Traleg Kyabgon Rinpoche (1955–2012) was the ninth incarnation of the Traleg tulku line, a line of high lamas in the Kagyu lineage of Vajrayana. He was a pioneer in bringing Tibetan Buddhism to Australia.
Traleg Rinpoche was born in 1955 in Kham (Eastern Tibet), and two years later was recognized by HH 16th Gyalwa Karmapa as the ninth incarnation of the Traleg Tulkus and enthroned as the Abbot of the Thrangu monastery. He was taken to safety in India during the 1959 Chinese Communists invasion of Tibet. There he was given a traditional tulku education, supplemented by five years of schooling at Sanskrit University in Varanasi, India. He lived and studied for several years at Rumtek Monastery in Sikkim, the main seat in exile of the Kagyu Lineage. He died on July 24, 2012 in Melbourne, Australia.
In 1980 Rinpoche transmitted the Dharma in Australia where he established Kagyu E-vam Buddhist Institute in Melbourne. He relinquished his monastic vows, became a lay teacher and married. He earned a Masters degree in Comparative Philosophy from La Trobe University. In 1989, he taught extensively at Karma Triyana Dharmachakra, visiting the North American affiliates of HH Gyalwa Karmapa. In 2004 he established the Evam Institute in New York in Chatham, NY. He also taught extensively in the Karma Thegsum Choling network of the Karmapa's centers and at Shambhala Buddhist centers. His wife, Felicity Lodro, is also an active dharma teacher.
It is a nice little book that can be read in one sitting.

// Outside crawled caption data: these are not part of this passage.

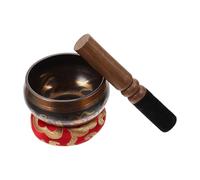 ifundom Singing Bowl Meditation Kit Buddhist Ode Bowl Chanting Hammer and Pad for Home Decor Relaxation Random Color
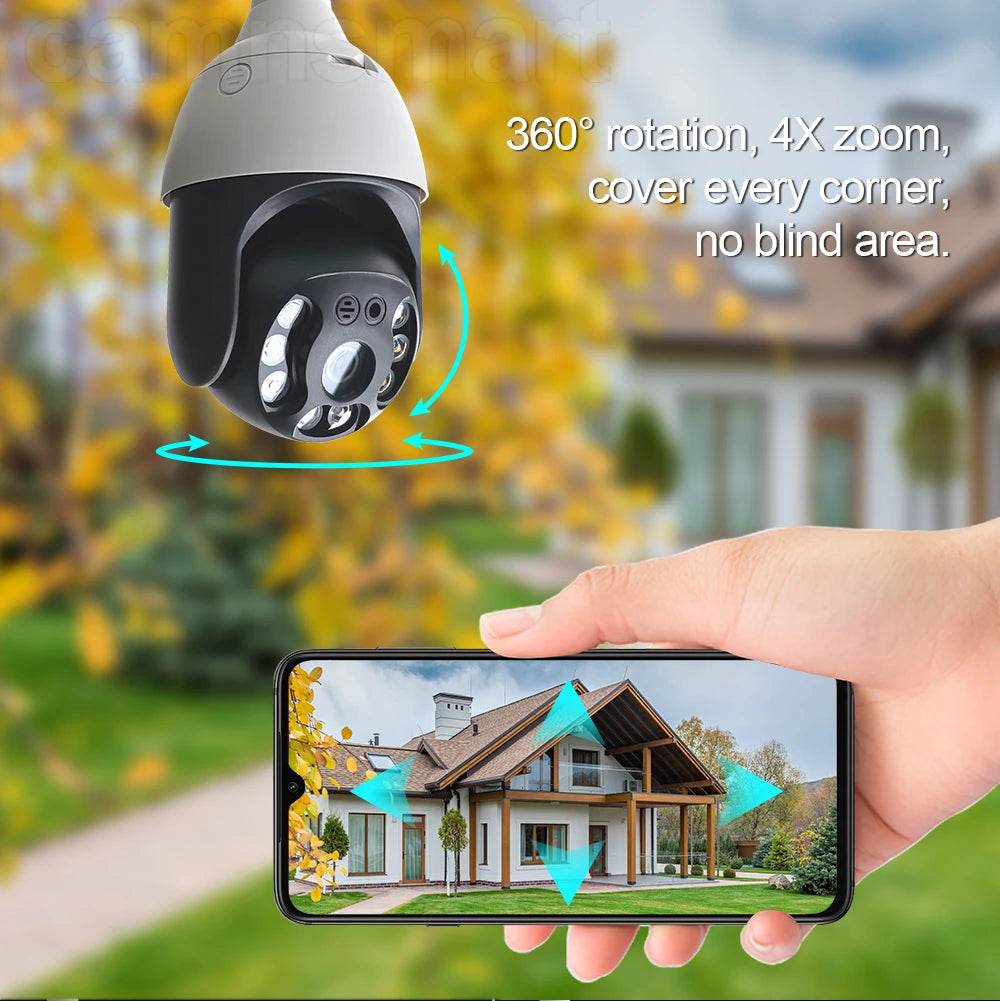 Smart WIFI Bulb Security Camera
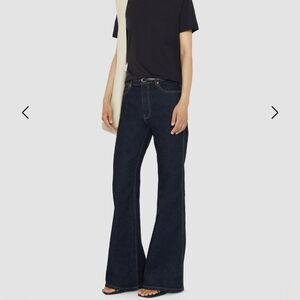 Joseph Mid Rise Straight Leg Dark Blue Jeans Sz FR 36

It gives a concise introduction into Buddhism based on Rinpoche’s lectures. Even though the book’s title refers to “Integral Buddhism,” the text itself offers only a general idea of integration of various areas and modes of Buddhism, but doesn’t go into all the details of what could be a contemporary Fourth Turning of the Wheel of Dharma. Despite that, Traleg Kyabgon Rinpoche’s Integral Buddhism can be a good companion to Ken Wilber’s (also short) book Integral Buddhism and the Future of Spirituality (aka The Fourth Turning ebook). The latter itself is a brief version of a much bigger volume titled The Religion of Tomorrow—Wilber’s most recent masterpiece. Ken Wilber and Traleg Kyabgon Rinpoche were friends and colleagues (see, e.g., the DVD film Spirituality in the Modern World: A dialogue with Ken Wilber and Traleg Kyabgon Rinpoche).